Neural Networks

Training phases

In AI work, the training happens in three main stages.

​The first is Pre-training. This stage takes the raw data—the truly massive stuff (think petabytes or exabytes) that is basically the complete internet data. This data is fed through a large neural network, and we get a base model. This model is definitely intelligent—it knows language structure and general facts—but it’s not yet optimized for our specific problems.

​Next, this base model is Fine-Tuned. For this, we use known input data paired with the target output we want. The model makes a prediction, and the loss (the error) is calculated. We then minimize this loss, and the weights of the network are adjusted accordingly. This gives us a fine-tuned model that’s ready for specific, targeted tasks.

​Finally, the model goes through an Alignment phase, often using Reinforcement Learning from Human Feedback (RLHF). As part of RLHF, the model generates several different outputs for a single prompt. Then, a human labeler or a Reward Model (RM)—which acts like our internal “grader program”—ranks or scores these outputs based on how helpful and safe they are. This feedback is used to further train the model, making it perfectly aligned with the desired target behavior.

Role of Tokenizer and Embeddings

​The input text is converted into tokens using a tokenizer. These tokens are IDs found in the model’s vocabulary. Models use different strategies to convert text into tokens. These tokens are then mapped into the embeddings.

​For an input text, we’ll have multiple tokens. Each token is assigned a single embedding vector. So, the entire text gets converted into a large matrix—specifically, a sequence of embedding vectors. This matrix is then processed by the LLM neural network.

​The neural network processes this matrix and generates the embedding vector for the next token. This new embedding vector is converted back into a token ID, which corresponds to the new token text (our output).

​This new token is then added back to the input sequence, and the process repeats. The generation will continue, token by token, until the network generates a special STOP sequence token, at which point the process will stop.

The Three Phases of AI Training

​There are three phases of training.

Phase 1: Pre-training

Pre-training generates an “internet document simulator”. This is like a lossy compression of the internet. This is just a “token tumbler”. Given a sequence of tokens, it tries to predict the next token.

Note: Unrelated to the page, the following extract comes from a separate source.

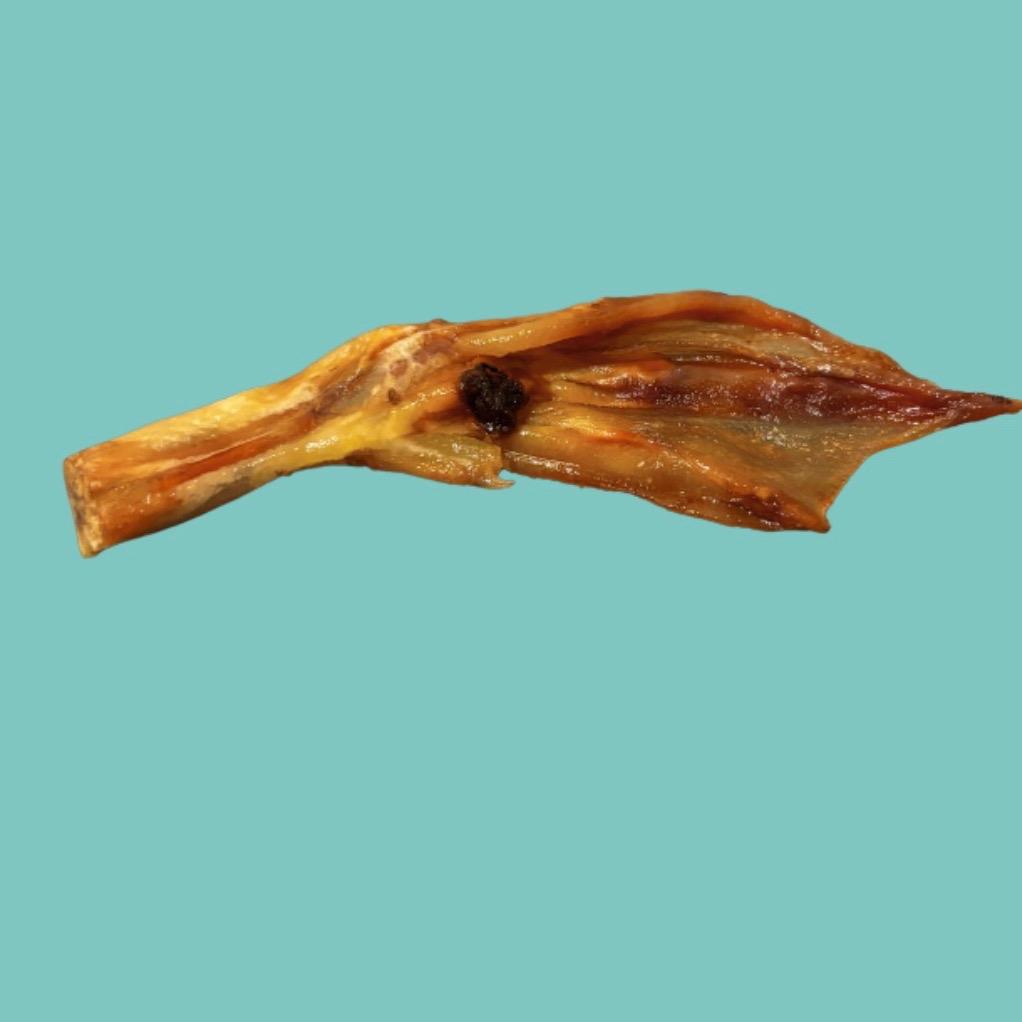10 Natural Air Dried Duck Feet for Dogs and Cats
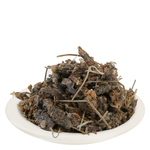 Thumbnail for Yuvika Ustekhadoos Asli - Uste Khadus - Lavandula Stoechas - Arabian Lavende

Phase 2: Supervised Fine-Tuning

​But we need more than a token generator; we need an assistant. To adopt this assistant-like persona, there is a need to tweak the parameters. To do this, we need another set of training data in the form of conversations between a user and an assistant. We need many such questions and answers.

​Human labellers are hired by AI companies to produce these sets. The model is then further trained on these documents. This training is called Supervised Fine-Tuning. We can also use a few other models to generate these question-answer sets. Human labellers can then review and correct these documents.

Phase 3: Reinforcement Learning

​The third stage of training is Reinforcement Learning. As part of this technique, questions are presented to the model, and the model will produce various answers to a single question. A human labeller or a judge model can then select the most appropriate answer from the set. There is then a need to run this new data on the model so that the model’s parameters can be further optimized to follow the right path.

The Compute Challenge

​Generally, these models cannot perform a very big compute in a single pass. Therefore, it is better for them to break the problem into multiple stages and statements. This gives the model “ample pauses,” as the final answer is produced after various other rounds of token generation.

The Use of External Tools

​Models are generally not proficient at complex “mental math” problems because they rely on the lossy, compressed knowledge acquired from the internet during pre-training. Consequently, they often “mess up” mental calculations.

  • Tool Integration: It is recommended to ask the model to use specific tools for these problems.
  • Examples: This is particularly useful for counting characters in a substring or solving math problems.
  • Programming: A model will perform significantly better if it converts a puzzle into a Python program and then runs that program to find the answer.

The Mechanics of Tokenization and Domain Training

Data as Token Sequences

Any data that the network uses in the training can only be the sequence of tokens. In the first training phase, the internet text is converted into tokens, and then these one-dimensional tokens are used by the network to predict the next token.

Structuring Conversations in Supervised Fine-Tuning

In the Supervised Fine-Tuning phase, questions and answers are also converted into a single sequence of tokens. To manage this, special “Conversation State” tokens are used—such as user, assistant, and conversation end tokens—so that entire conversations can be converted into a single array of tokens.

Specialized Tasks and Domain Expertise

Supervised fine-tuning data also includes instructions for the model to perform specific tasks, such as suggesting a web search for a question. There are special tokens designated for these actions as well.

​This phase is an important step: if we want a model to behave like an expert in our specific domain, we must create these custom data points and use them to train the model further.